> **How to complete this task**:
Would you quote every entry exactly, dropping only the pictures?
Source material Block Start
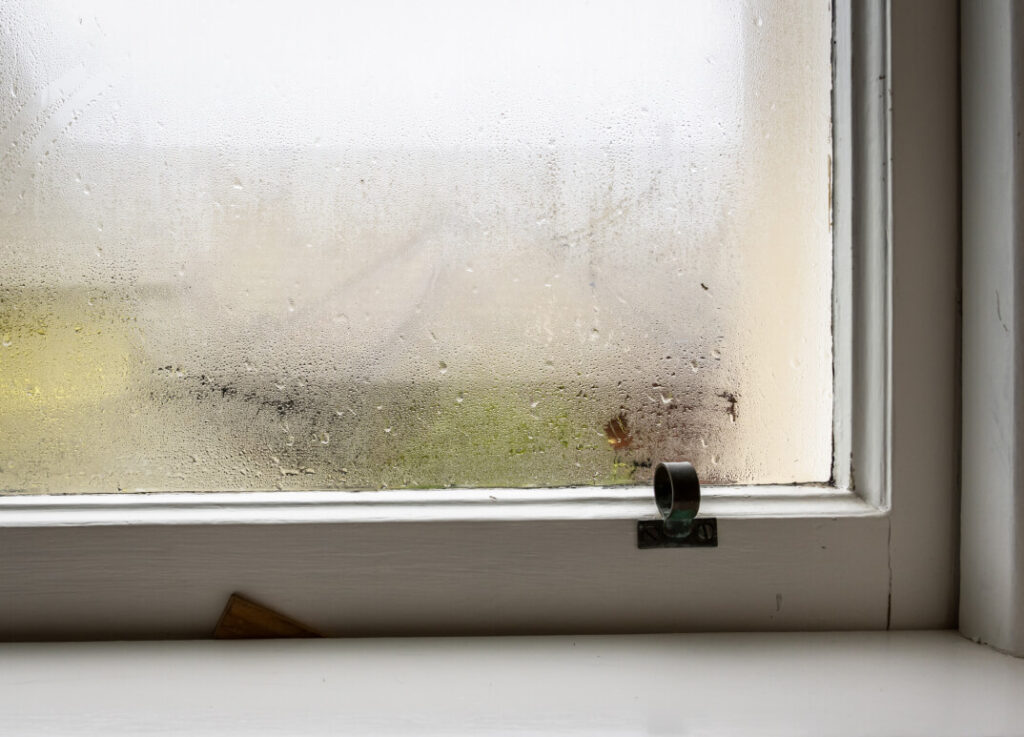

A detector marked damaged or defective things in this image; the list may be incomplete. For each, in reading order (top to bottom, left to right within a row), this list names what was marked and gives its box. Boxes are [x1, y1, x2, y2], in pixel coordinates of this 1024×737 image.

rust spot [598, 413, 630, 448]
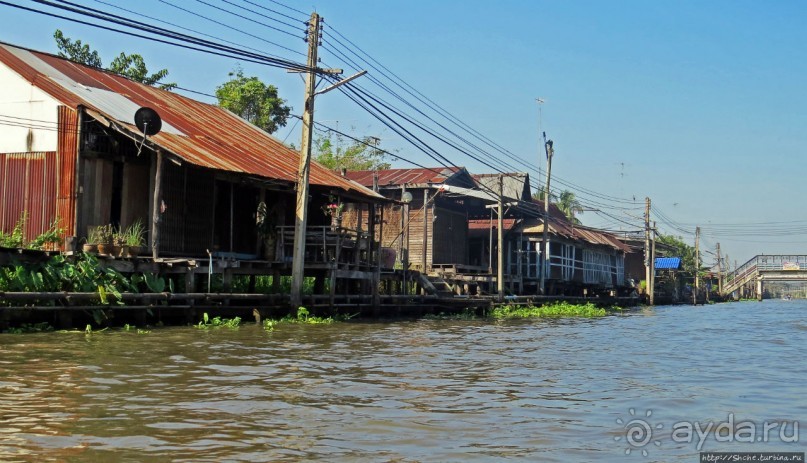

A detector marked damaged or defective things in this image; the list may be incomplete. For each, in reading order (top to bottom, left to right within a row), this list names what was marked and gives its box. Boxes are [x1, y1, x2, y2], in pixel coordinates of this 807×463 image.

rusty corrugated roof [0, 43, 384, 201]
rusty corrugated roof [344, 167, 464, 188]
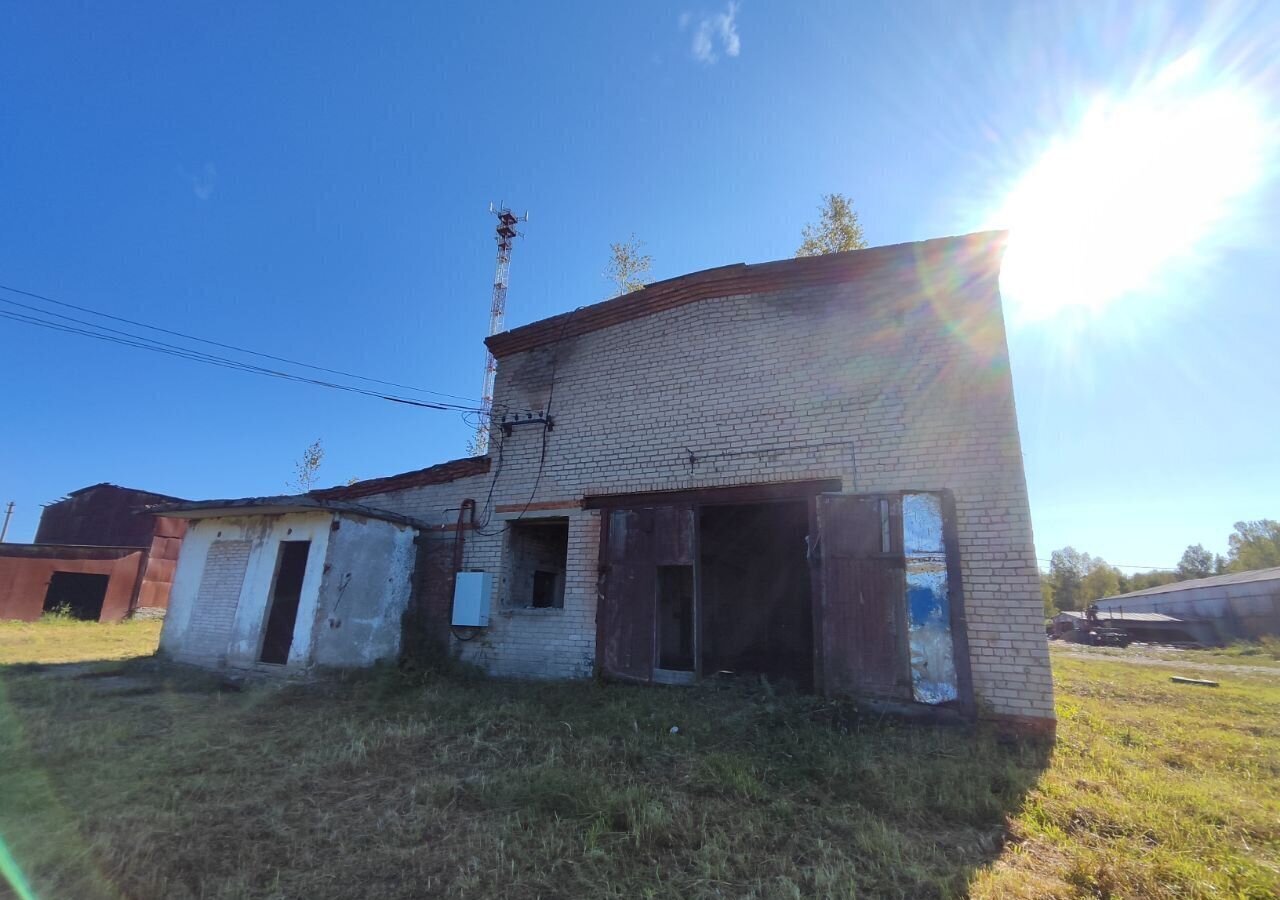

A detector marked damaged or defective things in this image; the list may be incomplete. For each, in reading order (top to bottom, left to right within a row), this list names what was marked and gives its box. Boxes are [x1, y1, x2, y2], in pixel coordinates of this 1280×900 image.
Source material Block End
> **Solved problem**:
A detector marked damaged or defective things in this image; the list may be incomplete. For each, in reading order (top to bottom, left to right within a row), this list names what was marked and gives its box. Boxes are [x1, y1, x2, y2], in pixel coordinates of this 1024×737 image.

rust spot [598, 413, 630, 448]

A detector marked damaged or defective things in this image; the list may be incomplete. For each, in reading order (top to bottom, left to right within a row), this list names what was marked and gives its box. Boxes are [x1, y1, x2, y2], in pixel coordinates of this 807×463 image.

rusty corrugated roof [0, 43, 384, 201]
rusty corrugated roof [344, 167, 464, 188]

A detector marked damaged or defective things in this image; the list may be incomplete. For each, in reading order (top to bottom, left to right within a row), this list names what was marked and gives its box. Boxes are [x1, y1, x2, y2], in pixel coordinates of this 1280×900 image.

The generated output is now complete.